* WHAT THE EXERCISE ASKS
Below are some entries. Count how many of their lines include "trains", then give that number only.

[PROVIDED DATA — start]

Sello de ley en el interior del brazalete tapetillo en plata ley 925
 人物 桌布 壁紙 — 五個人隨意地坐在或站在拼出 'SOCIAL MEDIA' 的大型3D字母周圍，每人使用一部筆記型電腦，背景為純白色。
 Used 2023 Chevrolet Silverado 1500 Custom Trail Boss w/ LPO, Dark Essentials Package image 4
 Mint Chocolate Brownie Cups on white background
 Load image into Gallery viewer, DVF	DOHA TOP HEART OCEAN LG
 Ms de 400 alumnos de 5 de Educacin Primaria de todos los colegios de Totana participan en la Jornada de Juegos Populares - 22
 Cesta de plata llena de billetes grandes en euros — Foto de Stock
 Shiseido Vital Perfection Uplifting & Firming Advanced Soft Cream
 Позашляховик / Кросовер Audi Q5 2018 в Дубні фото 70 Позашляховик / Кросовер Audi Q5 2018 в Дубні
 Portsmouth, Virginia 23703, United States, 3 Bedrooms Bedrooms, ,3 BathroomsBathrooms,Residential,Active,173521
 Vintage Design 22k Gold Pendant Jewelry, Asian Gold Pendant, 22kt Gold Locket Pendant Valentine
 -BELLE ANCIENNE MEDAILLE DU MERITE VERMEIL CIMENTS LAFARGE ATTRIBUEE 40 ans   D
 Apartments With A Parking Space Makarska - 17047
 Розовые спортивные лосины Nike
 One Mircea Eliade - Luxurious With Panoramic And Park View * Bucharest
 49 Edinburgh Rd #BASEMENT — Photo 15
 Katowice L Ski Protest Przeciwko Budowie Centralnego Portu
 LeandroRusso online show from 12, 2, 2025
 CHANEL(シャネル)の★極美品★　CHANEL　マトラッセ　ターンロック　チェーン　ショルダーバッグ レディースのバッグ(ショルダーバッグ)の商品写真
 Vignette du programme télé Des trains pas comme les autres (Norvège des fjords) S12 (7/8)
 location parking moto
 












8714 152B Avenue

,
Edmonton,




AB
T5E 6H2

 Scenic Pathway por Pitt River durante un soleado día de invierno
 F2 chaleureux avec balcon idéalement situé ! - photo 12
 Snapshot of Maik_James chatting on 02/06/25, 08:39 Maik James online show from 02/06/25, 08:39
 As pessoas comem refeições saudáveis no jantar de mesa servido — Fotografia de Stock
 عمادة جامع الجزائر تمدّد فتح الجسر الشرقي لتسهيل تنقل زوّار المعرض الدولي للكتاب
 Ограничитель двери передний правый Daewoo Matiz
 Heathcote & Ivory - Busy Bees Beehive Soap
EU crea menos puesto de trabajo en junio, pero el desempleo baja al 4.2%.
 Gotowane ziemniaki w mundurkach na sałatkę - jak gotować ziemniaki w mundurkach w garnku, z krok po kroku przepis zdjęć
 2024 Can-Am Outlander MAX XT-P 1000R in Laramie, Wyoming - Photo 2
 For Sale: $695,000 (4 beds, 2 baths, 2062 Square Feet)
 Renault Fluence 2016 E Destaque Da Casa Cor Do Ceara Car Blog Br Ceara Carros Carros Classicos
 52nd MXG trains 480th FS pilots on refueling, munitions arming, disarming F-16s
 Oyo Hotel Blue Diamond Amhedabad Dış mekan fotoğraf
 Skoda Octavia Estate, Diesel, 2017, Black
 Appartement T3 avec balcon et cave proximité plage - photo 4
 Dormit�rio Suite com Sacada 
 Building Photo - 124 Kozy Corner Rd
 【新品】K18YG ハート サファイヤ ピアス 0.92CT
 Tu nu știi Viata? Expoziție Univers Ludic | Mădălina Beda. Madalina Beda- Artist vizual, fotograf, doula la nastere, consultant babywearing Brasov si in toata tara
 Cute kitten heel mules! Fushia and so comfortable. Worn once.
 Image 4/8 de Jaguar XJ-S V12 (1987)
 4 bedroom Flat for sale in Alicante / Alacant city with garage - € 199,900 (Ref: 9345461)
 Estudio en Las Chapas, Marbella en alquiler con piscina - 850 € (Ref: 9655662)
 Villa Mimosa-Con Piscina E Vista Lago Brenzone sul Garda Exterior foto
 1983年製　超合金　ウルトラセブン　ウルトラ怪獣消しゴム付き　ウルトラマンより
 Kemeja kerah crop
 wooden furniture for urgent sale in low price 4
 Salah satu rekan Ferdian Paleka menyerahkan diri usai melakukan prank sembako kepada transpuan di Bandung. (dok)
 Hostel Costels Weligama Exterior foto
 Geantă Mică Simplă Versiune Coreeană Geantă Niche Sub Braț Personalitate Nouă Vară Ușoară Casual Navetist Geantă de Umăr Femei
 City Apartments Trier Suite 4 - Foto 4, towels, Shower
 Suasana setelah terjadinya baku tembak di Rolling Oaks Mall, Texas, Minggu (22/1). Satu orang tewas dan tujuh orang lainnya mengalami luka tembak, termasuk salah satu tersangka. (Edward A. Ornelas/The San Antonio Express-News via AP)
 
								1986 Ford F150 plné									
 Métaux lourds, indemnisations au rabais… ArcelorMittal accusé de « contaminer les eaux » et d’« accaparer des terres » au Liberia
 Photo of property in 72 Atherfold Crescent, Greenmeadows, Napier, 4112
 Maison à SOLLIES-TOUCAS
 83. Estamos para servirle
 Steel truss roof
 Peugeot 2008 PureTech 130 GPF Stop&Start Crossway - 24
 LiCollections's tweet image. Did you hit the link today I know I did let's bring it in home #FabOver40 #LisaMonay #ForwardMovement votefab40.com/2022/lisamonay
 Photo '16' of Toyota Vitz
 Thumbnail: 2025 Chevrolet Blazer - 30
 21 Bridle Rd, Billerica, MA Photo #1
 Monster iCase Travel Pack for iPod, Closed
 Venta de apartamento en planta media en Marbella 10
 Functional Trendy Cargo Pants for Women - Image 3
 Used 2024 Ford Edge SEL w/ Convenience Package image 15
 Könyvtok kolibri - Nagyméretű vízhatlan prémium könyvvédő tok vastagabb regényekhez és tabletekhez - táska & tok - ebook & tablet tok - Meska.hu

[PROVIDED DATA — finish]

* ANSWER BOX
2